Key Points
- The USDA Report was bearish for wheat but positive for corn.
- The big change was the apparent shift in feed use from wheat back to corn in the US and from wheat to barley in the EU, pulling US corn stocks down, and helping lift wheat stocks in the US and globally.
- A return to trend yields globally would see the 2014/15 crop come in under the 2013/14 crop, but will that be enough to see stocks decline given reduced use of wheat for feed?
- Corn rallied after the report, reducing the price premium wheat holds over corn by 21 percent, or 36.2 USc/bu.
WHEAT
- Big crops keep getting bigger! Global wheat production was raised another 1.24 mill t, with rises in estimates for China and the FSU more than covering reductions in the EU and Argentina.
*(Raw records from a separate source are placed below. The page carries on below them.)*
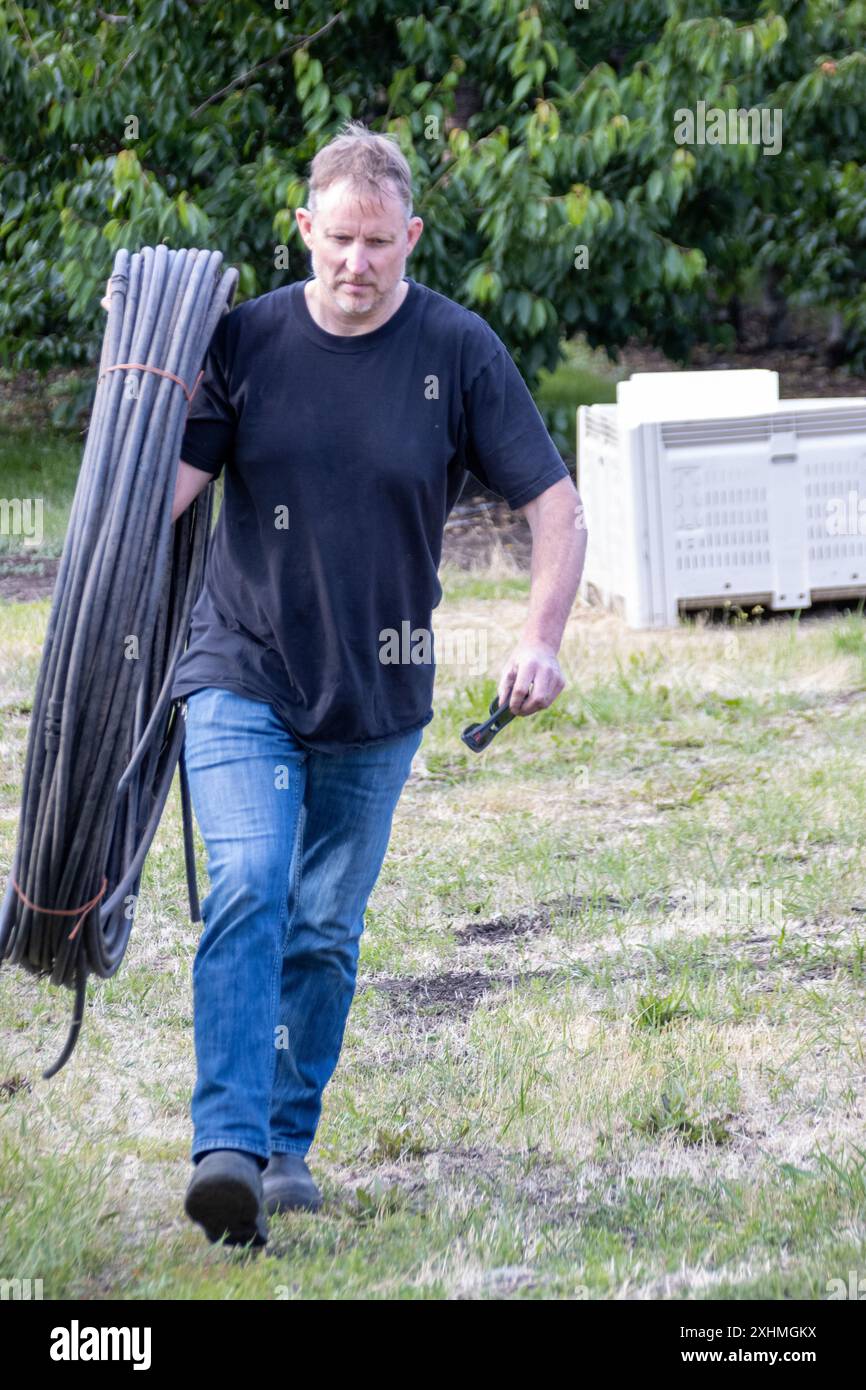Uomo che trasporta una grande bobina di tubi all'aperto Foto Stock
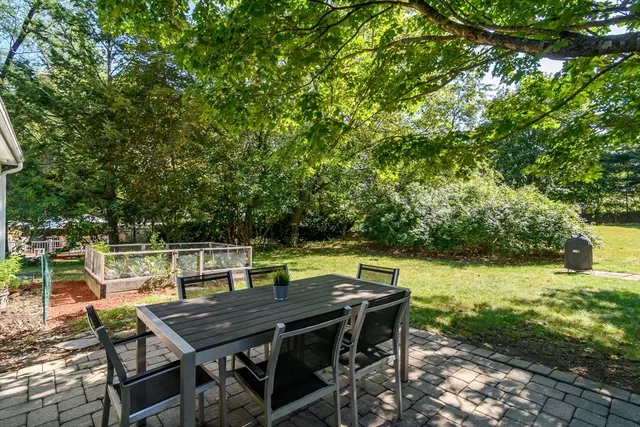 a view of a dinning table and chairs in the patio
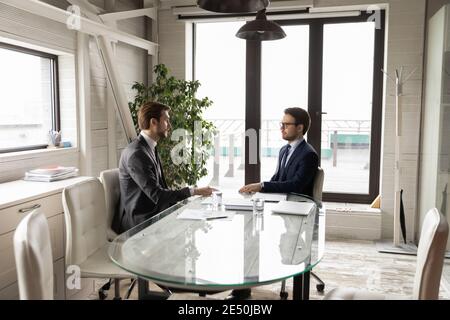 Two confident businessmen sitting at table in boardroom, discussing project Stock Photo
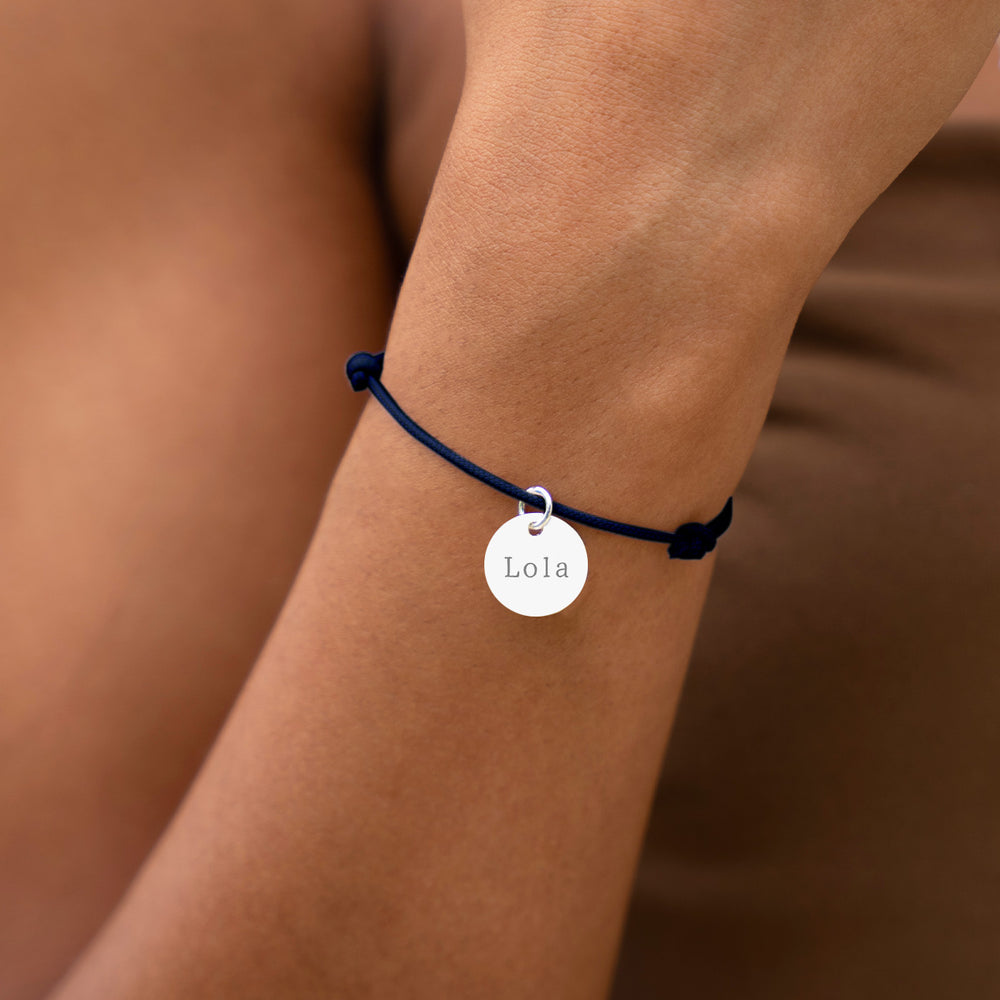 Bijou argenté avec médaille de 15mm, attaché à un cordon bleu marine.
The Aus- tralian estimate was left unchanged on 26.5 mill t.
- The global crop is now 712.66 mill t mill t, a massive 15.4 mill t above the 2011/12 record.
- Wheat use for feeding in the US declined 1.63 mill t, replaced by cheaper corn.
- Wheat for feed use has also been reduced by 1.0 mill t in the EU, as increased wheat exports have reduced wheat supply, and allowed more barley to be used.
- The lift in global wheat stocks of 2.6 mill t to 185.4 mill t looks bad, but most of the increase in estimates is in the US and China.
The wheat futures market had been falling going into the USDA Report, but the change in feed use of wheat caught the market by surprise. After the report was released, March CBOT futures fell another 15.25 USc/bu. With a lift in the A$ of close to 1.0 US cents this translated into a fall of A$8.71/t.
The Australian cash market had been resisting the decline in the A$ value of US futures last week, but a fall of this magnitude is likely to be partially passed on.
In another report released by the USDA the US winter wheat plantings were put at 41.9 mill acres, down 2.2 mill acres on 2012. The market had been expecting a 410,000 acre increase in plantings.

CORN
- Increased feed use in the US has seen US stocks fall 4.09 mill t since the December estimates, and global stock estimates fall 2.23 mill t.
- US corn stocks will still double in 2013/14, but the drop in corn prices has now triggered a lift in consumption, and away from wheat for feed use.
- The market had been expecting a lift in US corn stocks because of better than expected production, but the shift from wheat to corn for feed use overshadowed this.

OILSEEDS
- Global oilseed production is set at a record 505.9 mill t, up 3.58 mill t since December. 1.9 mill t of the gains are from US soybeans and a new record soybean crop expected from Brazil (estimates up 1 mill t to 89.0 mill t).
- Global sunflower production estimates were lifted 1.3 mill t.
- Canola export expectations for Canada and Australia have been reduced.